A COP26 é a última chance para tornar realidade a meta de limitar o aquecimento global para abaixo de dois graus (o ideal seria 1,5ºC). Para isso, as emissões de CO2 devem ser reduzidas em 45% até 2030. E, até 2050, devem chegar a zero líquido (emissão de CO2 deve ser compensada por mecanismos que capturem ou absorvam o gás), segundo o IPCC. O Painel também aponta que as mudanças no clima estão se intensificando e já podem ser sentidas em todas as regiões do planeta
Ao SBT News, Guarany Osório, coordenador do Programa de Política e Economia Ambiental do Centro de Estudos em Sustentabilidade (FGVces), aponta três pontos que devem ser resolvidos em Glasgow: regulamentar os artigos (do Acordo de Paris) que estão abertos; resolver a questão do financiamento do clima -- promessa estabelecida pelos países ricos na COP15 em 2009, de mobilizar US$ 100 bilhões de dólares anuais para ações climáticas nos países pobres e que não está sendo cumprida, segundo relatório da Organização para Cooperação e Desenvolvimento Econômico (OCDE) --; e os países aumentarem suas ambições em prol do clima.
"Sem isso, a gente não tem instrumento para fazer com que esse grande transatlântico que são as nações todas juntas rumem para essa neutralidade", afirma.
Brasil na COP26
"A retórica brasileira, hoje, no debate público, teve uma evolução positiva" para o pesquisador da FGVces, que acrescenta "o entorno do governo tinha discurso de negacionismo, colocando em xeque se a questão climática era real ou não. Até se ventilou, em algum momento ali, se o Brasil sairia do acordo de Paris ou não". Na COP26, o Brasil anunciou a meta de redução de 50% das emissões de gases de efeito estufa até 2030 e transição para uma nova economia verde neutra em emissões de carbono até 2050. Além disso, assinou, junto a outras 100 nações, acordo para reduzir as emissões de metano em 30% até 2030. O país também aderiu acordo para reduzir desmatamento até 2030.
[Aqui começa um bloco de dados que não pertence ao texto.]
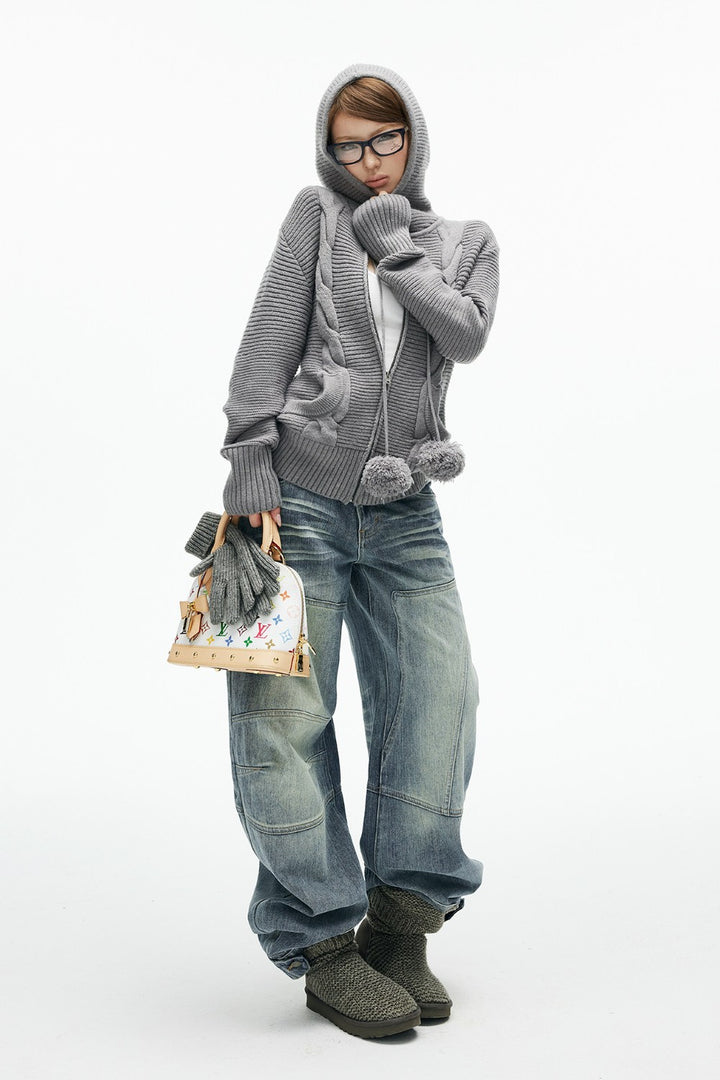 Mona Pom Hood Jacket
"As aspirações políticas e as metas climáticas são muito bem-vindas e necessárias, entretanto elas só se sustentam com arranjos e instrumentos de implementação bem desenhados: cronograma, fonte de financiamento, e mecanismo de cumprimento. Se a gente não tem um pacote de implementação claro, com esses pontos, como é que a gente vai dar sustentação para o cumprimento de uma meta?", questiona Osório. De acordo com o especialista, apesar das metas apresentadas, o plano para implentá-las é "nebuloso"
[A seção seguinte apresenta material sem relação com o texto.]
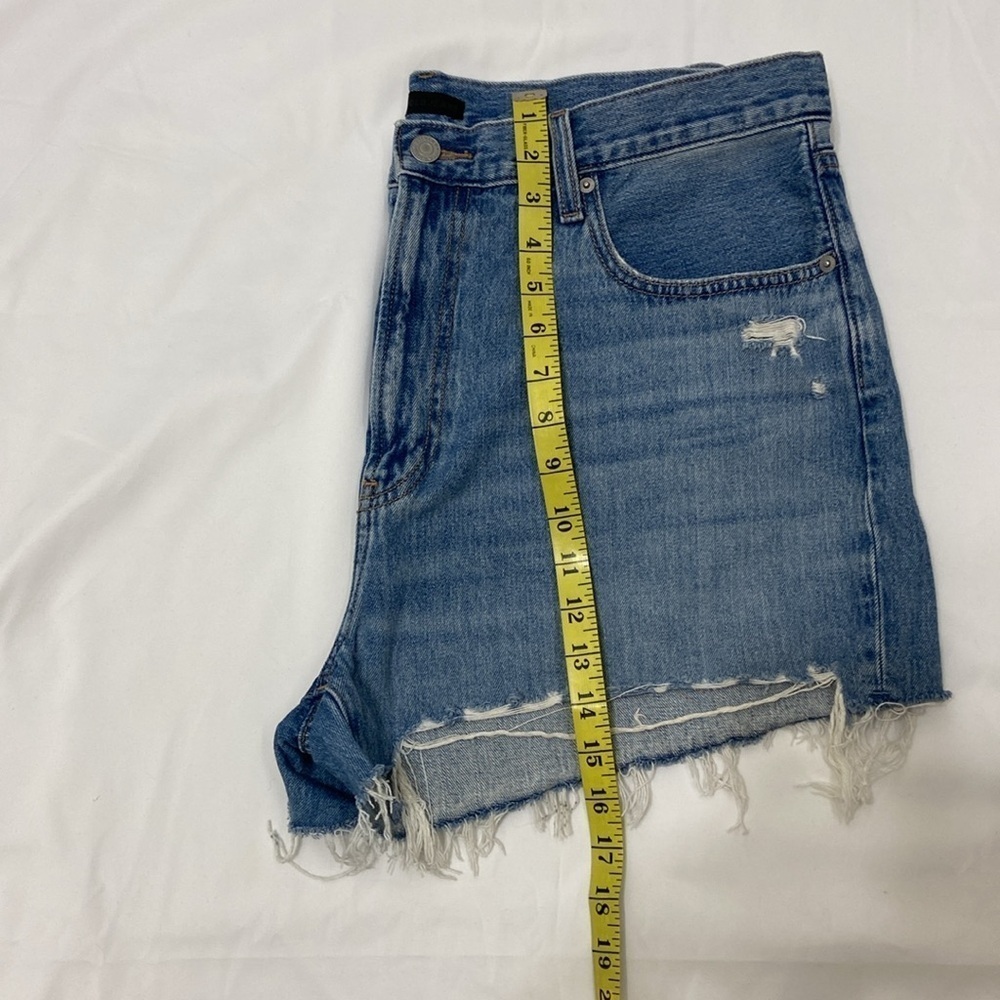 Uniqlo ,Women’s,Blue,Distressed,Short Jeans.Size-10 - Picture 7 of 10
Dados divulgados pelo sistema DETER-B, do Instituto de Pesquisas Espaciais (INPE), na 6ª feira (4.nov), apontam que a destruição da Amazônia em outubro já chega a 796km², cerca de 80 mil campos de futebol. Estimativas do Observatório do Clima de 2020, apontam que a maior parte (46%) dos gases estufa emitidos pelo Brasil são provenientes do desmatamento. Desde 2010, o país continua a ampliar suas emissões, mesmo com a instituição da Política Nacional sobre Mudança do Clima (PNMC), quando o país estabeleceu adotar, como compromisso nacional voluntário, ações de mitigação das emissões de gases de efeito estufa, com vistas em reduzir entre 36,1% e 38,9% suas emissões projetadas até 2020.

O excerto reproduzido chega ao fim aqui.